The Ilyssa witch had broken the wing of the imp in his beard, and he cursed Virot as he grappled with it. “Kill him!” he roared to the human zombies, and they dully shambled forward.

Virot stepped behind the ogre and placed his bleeding hand on the back of its skull. He growled out another series of syllables, and the ogre turned its sightless eyes upward as its mouth opened in a silent scream of agony.

The spell took effect, and the ogre’s body deflated like a punctured skin of water. As its muscles wasted and shrank, Virot’s swelled and expanded. In moments, the ogre was a spindly sack of bones held together by tough red flesh. Virot had grown accordingly taller, wider, and heavier as the ogre’s might coursed through his body.
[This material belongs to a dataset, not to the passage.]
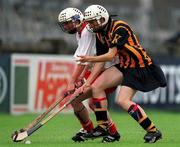 7 August 1999; Kelly Long of Kilkenny in action against Sarah Hayes of Cork during the Bórd na Gaeilge All Ireland Senior Camogie Championship Semi-Final match between Cork and Kilkenny at Parnell Park in Dublin. Photo by Ray McManus/Sportsfile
He cast his cloak back, his muscles rippling with stolen strength. He stomped down with his right foot, squashing both of the goblin’s heads into the hardwood floor. The wolf snapped as he pulled his foot free.

“Let’s put the Ilyssa zombies to the test.” Virot tucked his sword back into its sheath. “Are they truly undead or just reanimated corpses?”
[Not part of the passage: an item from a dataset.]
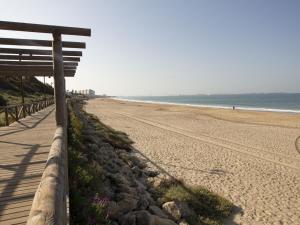 エル・プエルト・デ・サンタマリアにあるLightbooking Ancora Cádizの海辺の浜辺に座るベンチ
He waited until all three zombies were closer and then smiled his most charming smile at the bearded witch. Then, in a blur of motion, he plowed through them all like a barbed arrow through clay. One moment he was crouched and facing the zombies, and the next he was on the far side of the room covered with necrotic gore. A trail of rotting flesh, broken limbs, and other sundered flesh lay strewn in his wake.

Before the ogre’s borrowed bulk faded, Virot struck again. He streaked across the room behind the three witches with his saber at calf level. The bearded Ilyssa and his cronies screamed as the muscles and tendons in their lower legs split beneath the blade. They fell painfully to the floor, crippled and immobile.
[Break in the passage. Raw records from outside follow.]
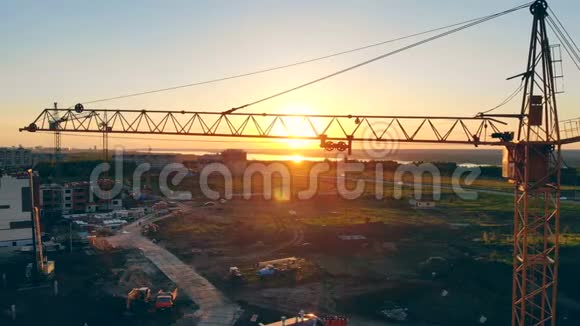 起重起重机正站在建筑区房地产概念日落时的工地视频的预览图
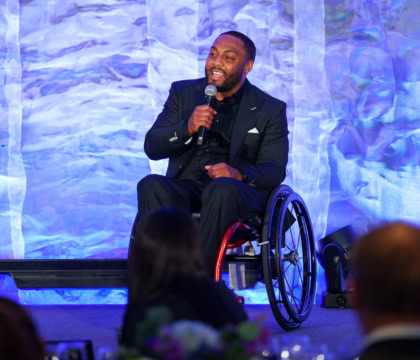 Man in dark suit and tie sitting in wheelchair speaking in a microphone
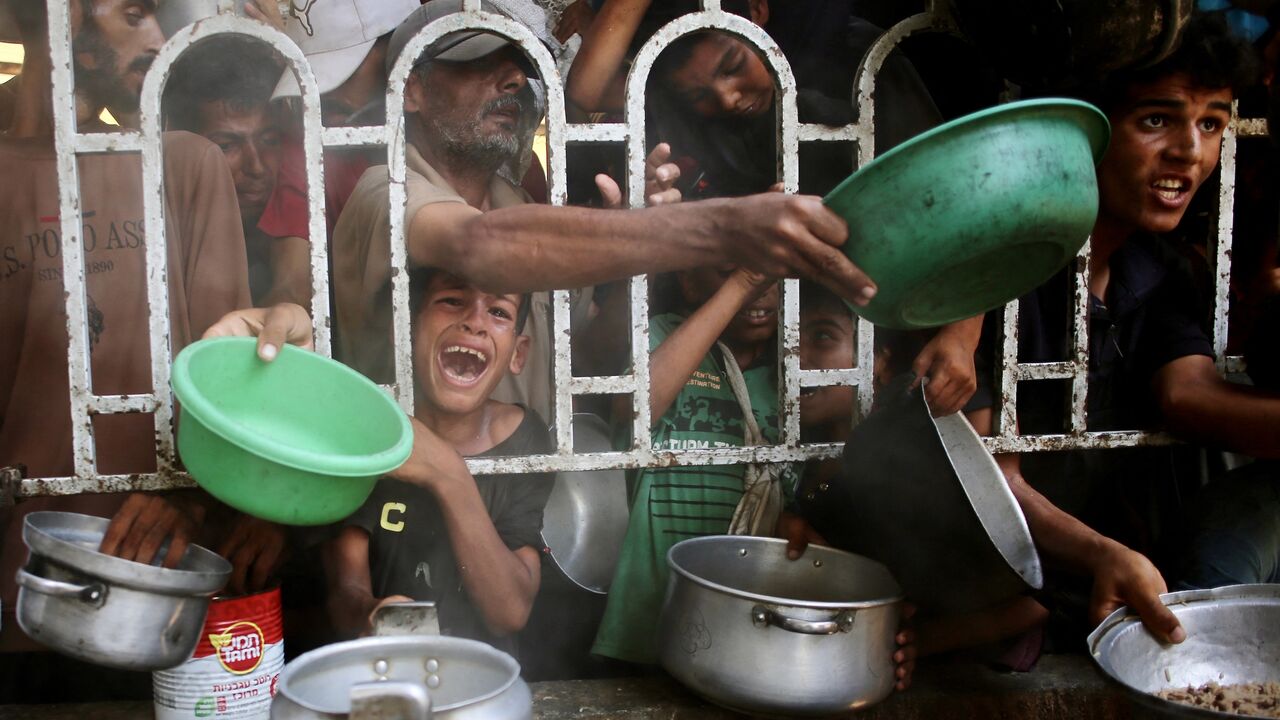Palestinians shove to receive a hot meal at a charity kitchen in the Mawasi area of Khan Yunis in the southern Gaza Strip on July 22, 2025.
Virot’s body started to shrink back to his normal size. The ogre itself remained emaciated, however, its fabled strength gone forever. Virot prodded one of the severed, decomposing arms with his boot.

“Just as I thought. If this were a true zombie instead of a cheap Ilyssa knockoff, these pieces would still be after me.” He sauntered back toward the ogre, casually clicking another command to his imps. The vicious little creatures were crippled and bloody, but they had enjoyed their messy work. The one-eyed man was now a no-eyed man, and both the bearded Ilyssa and the harlequin had been savagely mauled about the neck and face.

“You’re dead, Maglan,” the Ilyssa husked. “I am the second-born son of the Ilyssa. My family will—”

“Almost done,” Virot called pleasantly. He stood behind the ogre once more, raised his saber, and plunged the length of it down into the top of the wasted brute’s head. The ogre barely twitched as it died.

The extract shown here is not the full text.